## Assignment
Give the whole listing below once more, exactly, without pictures.

## Data extract
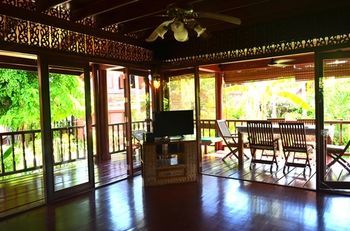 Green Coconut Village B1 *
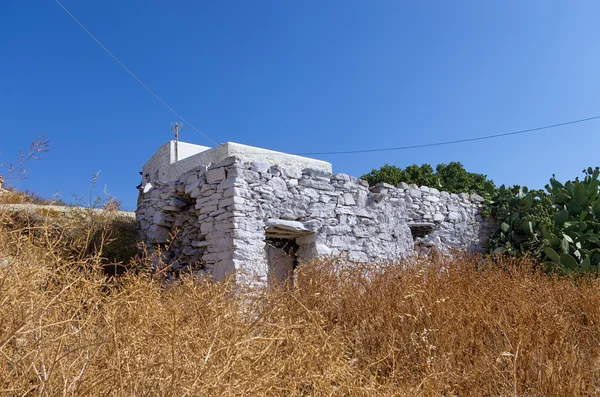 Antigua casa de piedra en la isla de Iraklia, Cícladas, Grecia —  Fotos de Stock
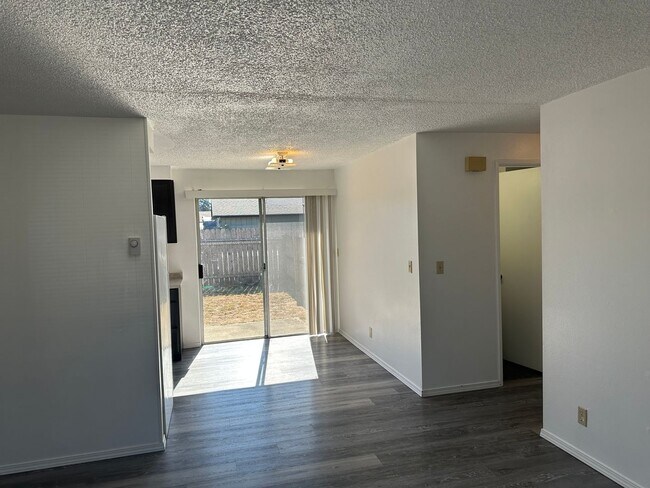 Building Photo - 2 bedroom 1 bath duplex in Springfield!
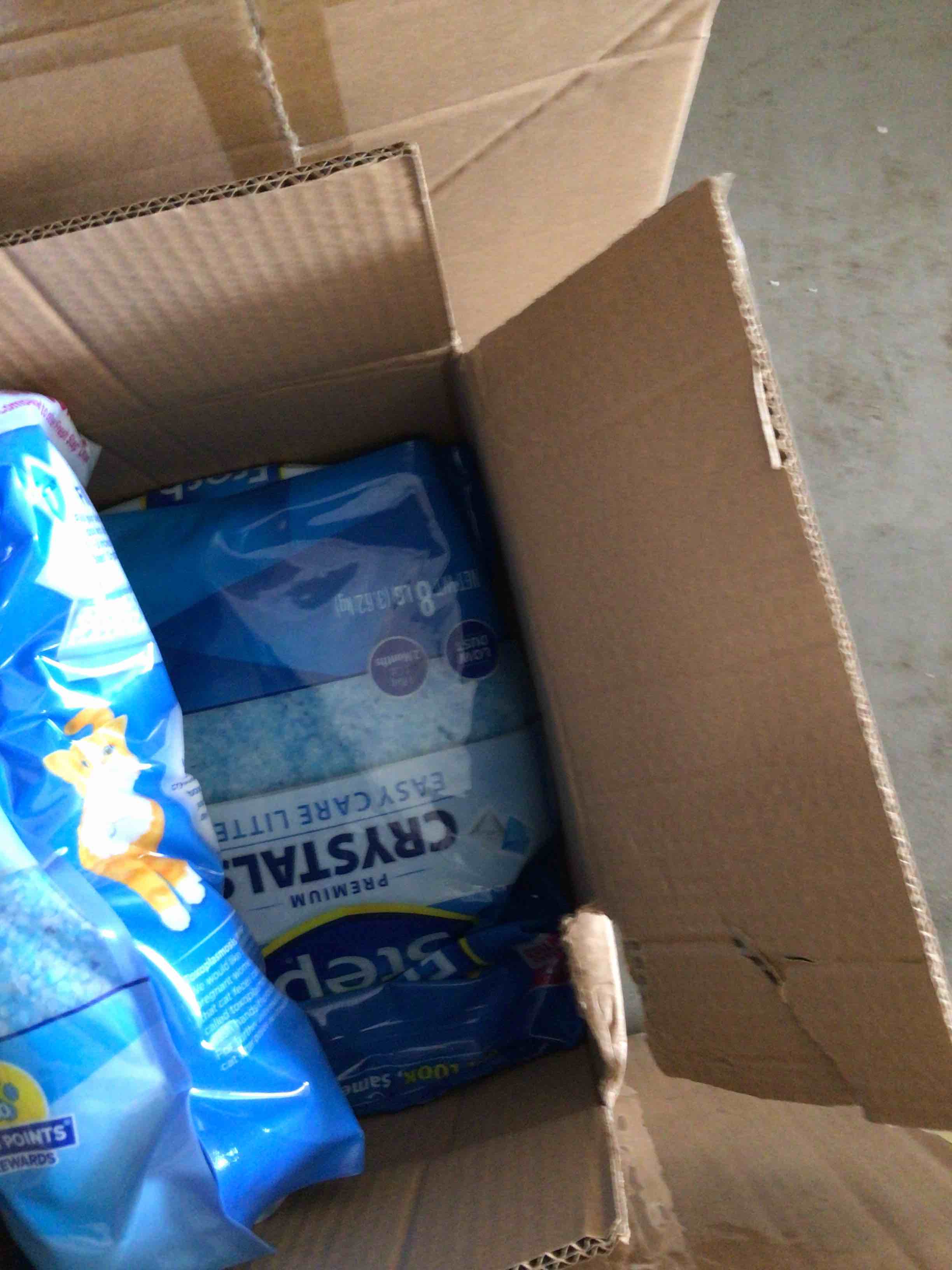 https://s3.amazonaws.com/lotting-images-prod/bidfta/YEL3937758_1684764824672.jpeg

## Written solution
 Green Coconut Village B1 *
 Antigua casa de piedra en la isla de Iraklia, Cícladas, Grecia —  Fotos de Stock
 Building Photo - 2 bedroom 1 bath duplex in Springfield!
 https://s3.amazonaws.com/lotting-images-prod/bidfta/YEL3937758_1684764824672.jpeg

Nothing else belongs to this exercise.